# How do you integrate int (x-3x^2)/((x+9)(x-5)(x-7))  using partial fractions?

Oct 24, 2017

$\ln \left(\frac{{\left(x + 9\right)}^{\frac{9}{8}} {\left(x - 5\right)}^{\frac{5}{2}}}{x - 7} ^ \left(\frac{7}{4}\right)\right) + C$

#### Explanation:

First you'll need to split up the integrand into partial fractions.

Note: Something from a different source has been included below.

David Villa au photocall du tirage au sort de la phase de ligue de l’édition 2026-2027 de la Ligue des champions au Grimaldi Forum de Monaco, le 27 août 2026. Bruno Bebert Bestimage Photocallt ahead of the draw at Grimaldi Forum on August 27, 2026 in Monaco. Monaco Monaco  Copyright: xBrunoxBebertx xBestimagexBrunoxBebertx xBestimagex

$\frac{x - 3 {x}^{2}}{\left(x + 9\right) \left(x - 5\right) \left(x - 7\right)} = \frac{A}{x + 9} + \frac{B}{x - 5} + \frac{C}{x - 7}$

$x - 3 {x}^{2} = A \left(x - 5\right) \left(x - 7\right) + B \left(x + 9\right) \left(x - 7\right) + C \left(x + 9\right) \left(x - 5\right)$

We'll substitute in the roots, $x = - 9 , 5 , 7$, to find each of the numerator constants.

$x = - 9$

$\left(- 9\right) - 3 \times {\left(- 9\right)}^{2} = A \times \left(- 9 - 5\right) \times \left(- 9 - 7\right)$

$- 252 = A \times - 14 \times - 16$

$A = \frac{9}{8}$

$x = 5$

$\left(5\right) - 3 {\left(5\right)}^{2} = B \times \left(5 + 9\right) \times \left(5 - 7\right)$

$- 70 = B \times 14 \times - 2$

$B = \frac{5}{2}$

$x = 7$

$\left(7\right) - 3 {\left(7\right)}^{2} = C \times \left(7 + 9\right) \times \left(7 - 2\right)$

$- 140 = C \times 16 \times 5$

$C = - \frac{7}{4}$

Therefore, we now have that

$\frac{x - 3 {x}^{2}}{\left(x + 9\right) \left(x - 5\right) \left(x - 7\right)} = \frac{\frac{9}{8}}{x + 9} + \frac{\frac{5}{2}}{x - 5} - \frac{\frac{7}{4}}{x - 7}$

Integrating $\frac{a}{x + b}$ gives you $a \ln \left(x + b\right)$, so

$\int \frac{\frac{9}{8}}{x + 9} + \frac{\frac{5}{2}}{x - 5} - \frac{\frac{7}{4}}{x - 7} \mathrm{dx} =$

$\frac{9}{8} \ln \left(x + 9\right) + \frac{5}{2} \ln \left(x - 5\right) - \frac{7}{4} \ln \left(x - 7\right) + C$

$= \ln \left(\frac{{\left(x + 9\right)}^{\frac{9}{8}} {\left(x - 5\right)}^{\frac{5}{2}}}{x - 7} ^ \left(\frac{7}{4}\right)\right) + C$